▼▼▼
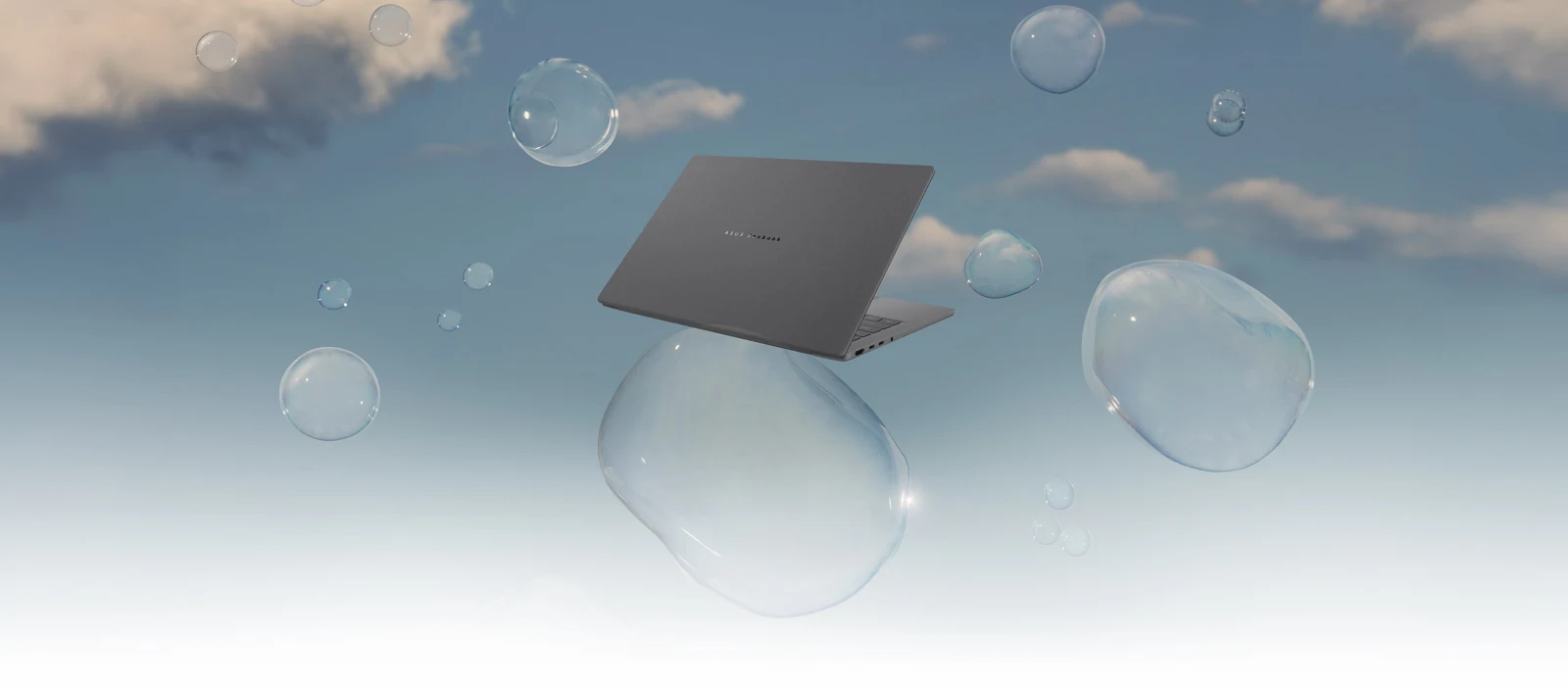 Grey ASUS Zenbook A14 UX3407NA shown from the rear against the official blue bubble backdrop.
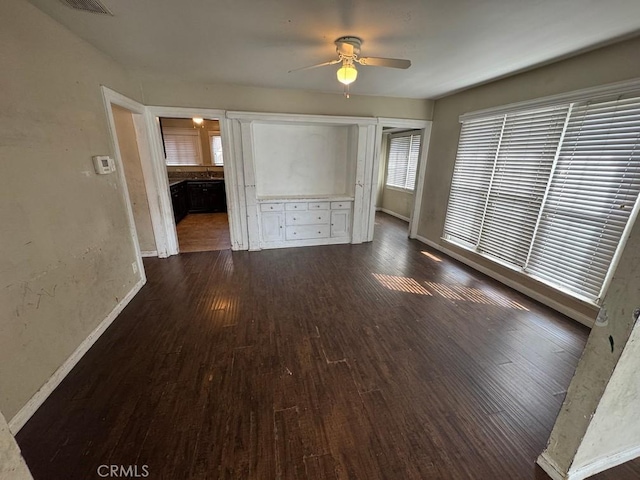 interior space featuring dark wood-style floors, ceiling fan, and baseboards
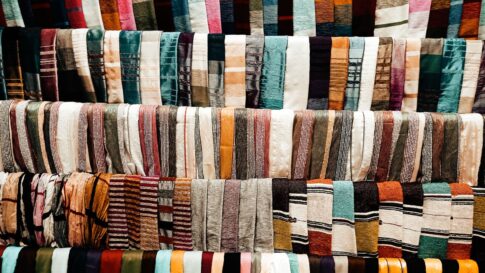 Rows of colorful woven textiles displayed at a market stall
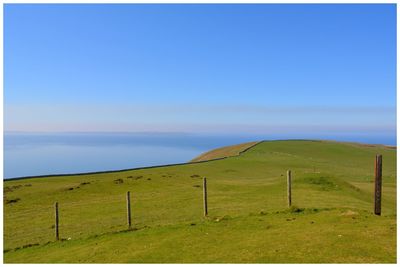 Scenic view of landscape against blue sky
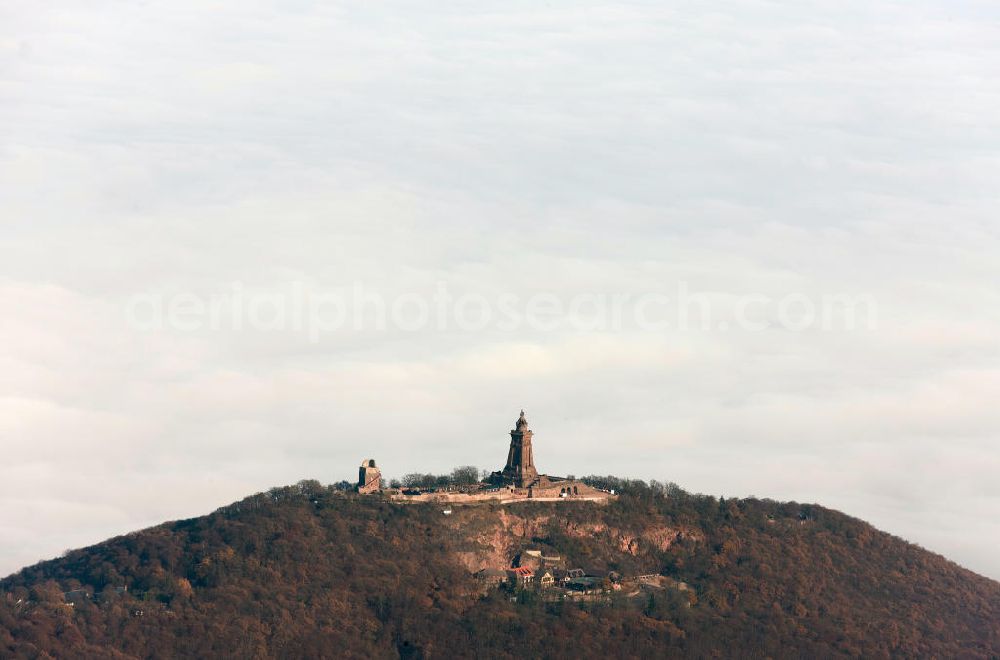 Steinthaleben from the bird's eye view: Herbstwetter mit Hochnebel - Wolkendecke am Kyffhäuserdenkmal bei Steinthaleben in Thüringen. Das Kyffhäuserdenkmal (auch Barbarossadenkmal oder Kaiser-Wilhelm-Denkmal) auf der Kuppe des Kyffhäuserberges wurde 1890 bis 1896 zu Ehren von Kaiser Wilhelm I. errichtet. Es ist das drittgrößte Denkmal Deutschlands. Autumn weather with high fog - cloud cover at the Kyffhäuser monument at Steinthaleben in Thuringia. The Kyffhäuser monument (also Barbarossa Monument or Kaiser-Wilhelm-monument) on the top of the Mount Kyffhäuser was built from 1890 to 1896 in honor of Kaiser Wilhelm I.. It is the third largest monument in Germany.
▲▲▲
▶ [Task details]:
An exact repeat of all the data is required, pictures excluded.

▶ [The completed task]:
 Grey ASUS Zenbook A14 UX3407NA shown from the rear against the official blue bubble backdrop.
 interior space featuring dark wood-style floors, ceiling fan, and baseboards
 Rows of colorful woven textiles displayed at a market stall
 Scenic view of landscape against blue sky
 Steinthaleben from the bird's eye view: Herbstwetter mit Hochnebel - Wolkendecke am Kyffhäuserdenkmal bei Steinthaleben in Thüringen. Das Kyffhäuserdenkmal (auch Barbarossadenkmal oder Kaiser-Wilhelm-Denkmal) auf der Kuppe des Kyffhäuserberges wurde 1890 bis 1896 zu Ehren von Kaiser Wilhelm I. errichtet. Es ist das drittgrößte Denkmal Deutschlands. Autumn weather with high fog - cloud cover at the Kyffhäuser monument at Steinthaleben in Thuringia. The Kyffhäuser monument (also Barbarossa Monument or Kaiser-Wilhelm-monument) on the top of the Mount Kyffhäuser was built from 1890 to 1896 in honor of Kaiser Wilhelm I.. It is the third largest monument in Germany.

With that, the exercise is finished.